出会った時と比較すると感情を表に出すようになってきたとはいえ、ここまでうろたえる様を見るのは、初めてだった。
一見するとクールな美青年に見える陸だが、当然照れたり、笑ったりもする。そんな様に海崎は少なからず心を揺さぶられていたりしたのだが、今回のそれは今までの比ではなかった。その仕草もさることながら、帰りたいのかという問いに対して最大の否定をするその真意は何なのか。
「そんなに俺の部屋が好きだったのか。いつまでもいてもらって構わないぞ」
自分に都合がいいように事実を考えるのは、避けたかった。現実と理想が乖離していることに気がついてしまったら、耐えられなくなってしまう。

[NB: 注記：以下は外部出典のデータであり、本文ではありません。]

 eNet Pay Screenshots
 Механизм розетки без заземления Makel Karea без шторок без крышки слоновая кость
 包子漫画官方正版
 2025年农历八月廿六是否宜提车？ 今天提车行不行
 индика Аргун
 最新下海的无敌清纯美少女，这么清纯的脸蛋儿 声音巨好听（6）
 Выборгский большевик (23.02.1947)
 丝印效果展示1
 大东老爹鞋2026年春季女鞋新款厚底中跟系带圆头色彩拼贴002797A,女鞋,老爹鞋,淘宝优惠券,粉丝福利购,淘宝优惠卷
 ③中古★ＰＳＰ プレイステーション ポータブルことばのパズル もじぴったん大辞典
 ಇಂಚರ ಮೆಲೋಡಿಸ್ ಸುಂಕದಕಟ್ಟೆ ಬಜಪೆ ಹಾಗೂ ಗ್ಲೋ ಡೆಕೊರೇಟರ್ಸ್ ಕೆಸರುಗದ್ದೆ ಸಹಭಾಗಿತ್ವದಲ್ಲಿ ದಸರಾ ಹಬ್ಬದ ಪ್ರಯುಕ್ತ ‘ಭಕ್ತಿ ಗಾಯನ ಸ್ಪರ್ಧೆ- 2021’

帰りたくないと言ったのは、陸がこの部屋を居心地がいいと思ってくれたのだろうと海崎は思うことにした。
しかし少し待っても、肯定の言葉は返ってこなかった。それも当然である。陸の口は一文字に引き結ばれ、吐息すら漏れ出ない状況であったからだ。もしかしたら、唇を噛み締めているのかもしれない。できれば、それは止めてほしかった。陸の冷たい美貌に血色を与える唯一の部位、笑った時に綺麗に弧を描く唇。それが傷つくのは、見ていて忍びなかった。
あまり続くようなら止めようかと海崎が考えていたその時、沈黙は陸の声によって破られた。
「今から話すことは、酔っ払いの戯言と思ってもらって結構です。聞くに堪えないと思ったら、容赦なく追い出してください」
「そんなことしないよ」
「先輩は、優しいですね。でも、僕が、切り出す話を聞いても、そう言っていられるか……」
何故そんなに悲しそうに笑うのか。目に涙を滲ませて、この青年はこれから何を語ろうとしているのか。ただただ、見守ることしかできなかった。
「僕は物事ついた時から、自分が普通じゃないことに気がついていました」
その発言を聞いただけでは、まだ陸が何を言いたいのか海崎には伝わらなかった。陸はいつも、趣旨を簡潔に述べる。無駄のない物言い、分かりやすい伝え方、常に彼は理知的な言い方をしてきた。その彼が、持って回るような言い方をするのを見るのは、海崎にとって初めてのことだった。
伝えるべき事実は変わらないのだから、伝えるという行為に躊躇いを抱いているのだろう。ここはまだ、口を挟むべき場面ではないと感じた。